Leinen and Swenson discovered their past training in cyber fields helped with the computer modeling programs they use in their origins research.
“It feels like I’ve made a giant circle coming back to the skills of my first major,” Swenson said. “I didn’t think those cyber operations skills would come in handy, but if I hadn’t had the background in computing, I would not have known where to start with the modeling programs.”
Using his experience from network security, Leinen now sees how computer technology fits with scientific principles such as thermodynamics. “They come together almost seamlessly in the actual experimental realm,” he said. VanderWilt, a freshman computer science and math major, is also helping with the modeling.
The origins research is also expanding the students’ knowledge about research goals in general. Juntunen’s previous research experience has had a singular direction, while origins chemistry is a “wide-open frontier,” she said. The benchtop experiments that she and Pitts have worked on show how different projects can have a different focus.
“As we keep running samples and collecting data, we keep coming to new conclusions and new answers, which provoke new questions and a refocusing of your direction,” Juntunen said. This is a lesson in “how to narrow my view of research to one thing to get data.”
The scope of origins chemistry made an impression for Pitts, a former education major. “I did not realize how big the field of origins chemistry is.”
“Doing origins work in the undergraduate world is novel,” Gaylor said, but he has found a way to expand that opportunity to DSU students who will not attend the conference.

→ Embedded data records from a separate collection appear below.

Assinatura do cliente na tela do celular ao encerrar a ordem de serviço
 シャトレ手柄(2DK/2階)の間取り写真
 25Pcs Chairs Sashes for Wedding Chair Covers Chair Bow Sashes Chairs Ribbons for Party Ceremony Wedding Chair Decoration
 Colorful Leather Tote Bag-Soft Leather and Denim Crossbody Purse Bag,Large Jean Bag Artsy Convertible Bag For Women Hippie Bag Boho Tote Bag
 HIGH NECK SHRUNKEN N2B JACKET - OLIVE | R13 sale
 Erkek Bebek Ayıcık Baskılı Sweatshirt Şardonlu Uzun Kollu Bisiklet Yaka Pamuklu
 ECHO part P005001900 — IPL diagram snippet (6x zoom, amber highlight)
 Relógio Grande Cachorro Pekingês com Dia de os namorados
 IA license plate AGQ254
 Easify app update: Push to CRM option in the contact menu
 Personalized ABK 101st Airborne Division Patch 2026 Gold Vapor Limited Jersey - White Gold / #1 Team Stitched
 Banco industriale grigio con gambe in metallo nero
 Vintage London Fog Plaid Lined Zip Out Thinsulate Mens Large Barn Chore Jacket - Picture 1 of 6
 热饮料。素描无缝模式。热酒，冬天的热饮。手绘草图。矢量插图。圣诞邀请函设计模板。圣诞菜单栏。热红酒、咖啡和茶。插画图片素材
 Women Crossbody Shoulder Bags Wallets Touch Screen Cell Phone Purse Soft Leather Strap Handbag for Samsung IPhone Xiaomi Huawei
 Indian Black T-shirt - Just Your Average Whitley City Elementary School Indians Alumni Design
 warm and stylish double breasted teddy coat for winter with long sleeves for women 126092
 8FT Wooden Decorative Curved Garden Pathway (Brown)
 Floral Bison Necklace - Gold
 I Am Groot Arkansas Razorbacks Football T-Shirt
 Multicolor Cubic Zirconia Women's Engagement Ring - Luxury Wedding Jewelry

Students in his fall organic chemistry lab performed some origins experiments. These served a double role, as a teaching tool for organic chemistry techniques, and as a method to generate useful data. “If this work develops into a paper, we will include all the lab students as authors,” said Gaylor.
Theoretical research can also reap benefits for society in general. Gaylor noted that “amazing things” such as LEDs (light-emitting diodes), artificial limbs, and infrared ear thermometers are technologies that resulted from NASA space program research. The same may be true of origins research.
“We initially ask the question of ‘how did life on Earth begin’ because we are curious beings and need to know how life evolved,” Gaylor said, “but all new knowledge and technologies serve a greater societal good, and can bring about practical benefits.”